Repeat the data word for word and skip the pictures.
-------- INFORMATION SUPPLIED
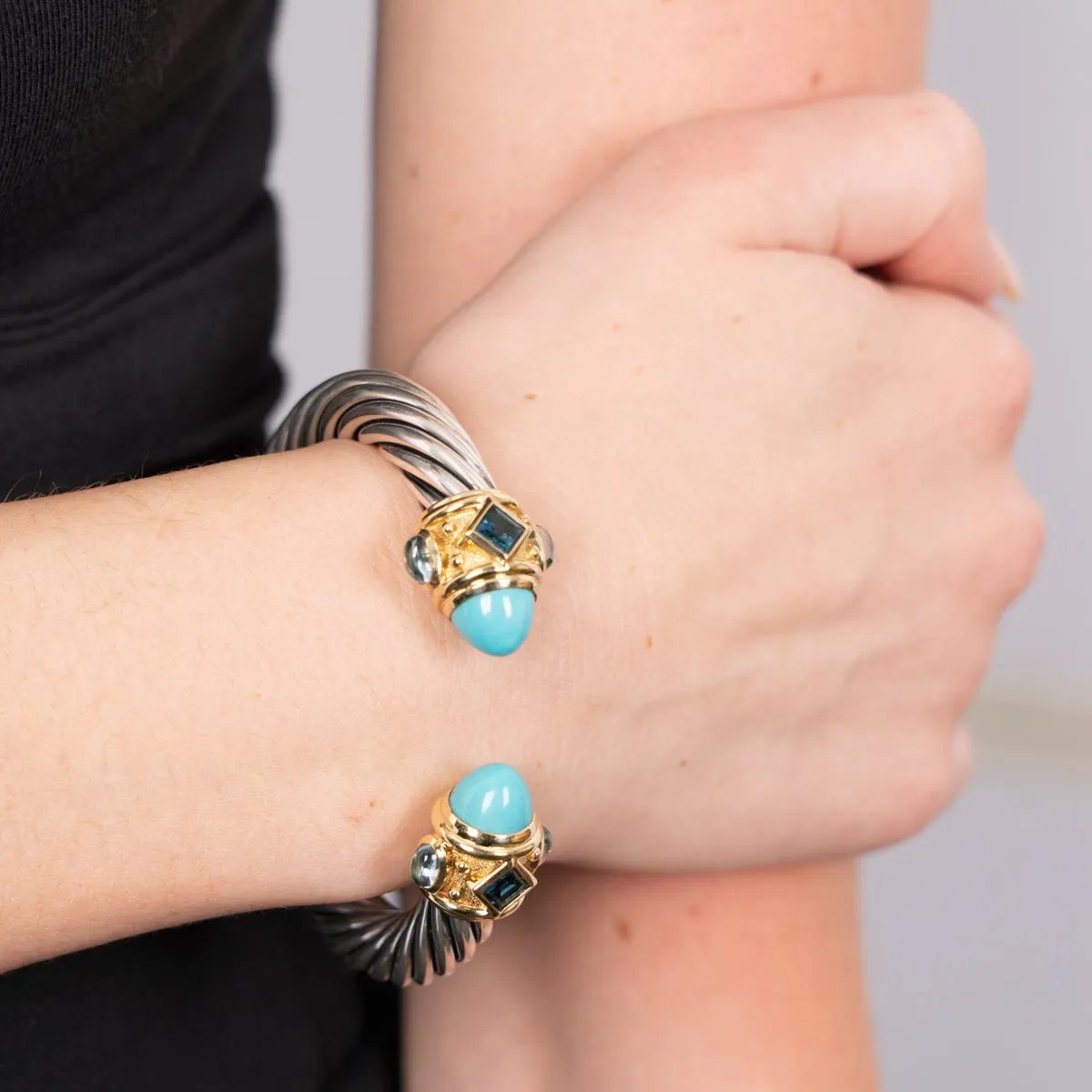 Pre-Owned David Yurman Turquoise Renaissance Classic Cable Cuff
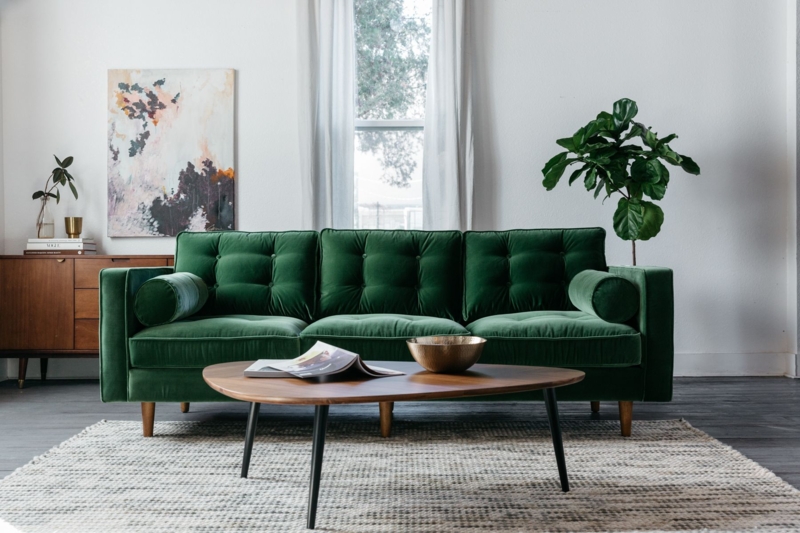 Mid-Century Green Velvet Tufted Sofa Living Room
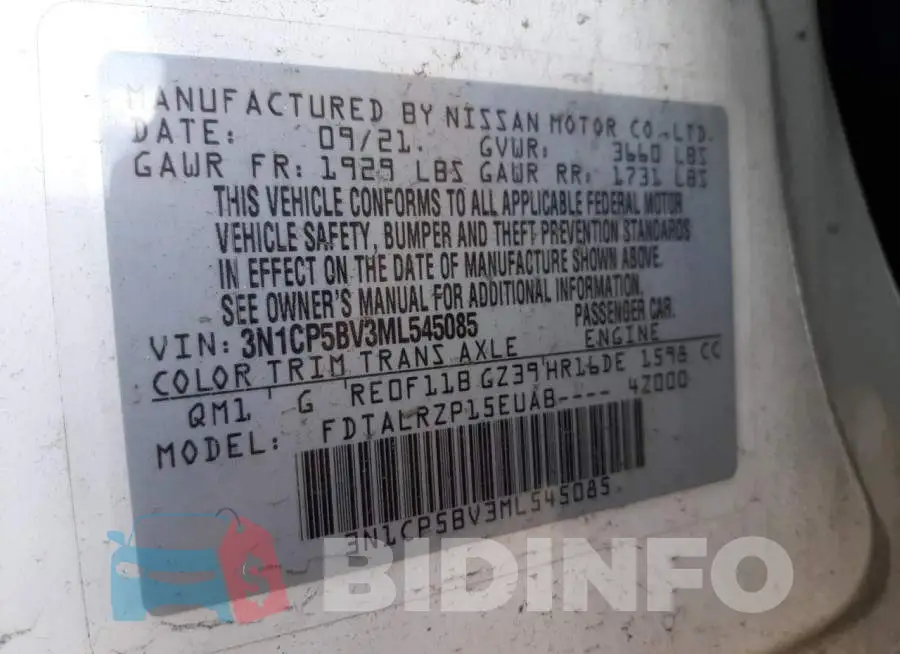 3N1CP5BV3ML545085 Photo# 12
----------------
SOLUTION TO THIS TASK:
 Pre-Owned David Yurman Turquoise Renaissance Classic Cable Cuff
 Mid-Century Green Velvet Tufted Sofa Living Room
 3N1CP5BV3ML545085 Photo# 12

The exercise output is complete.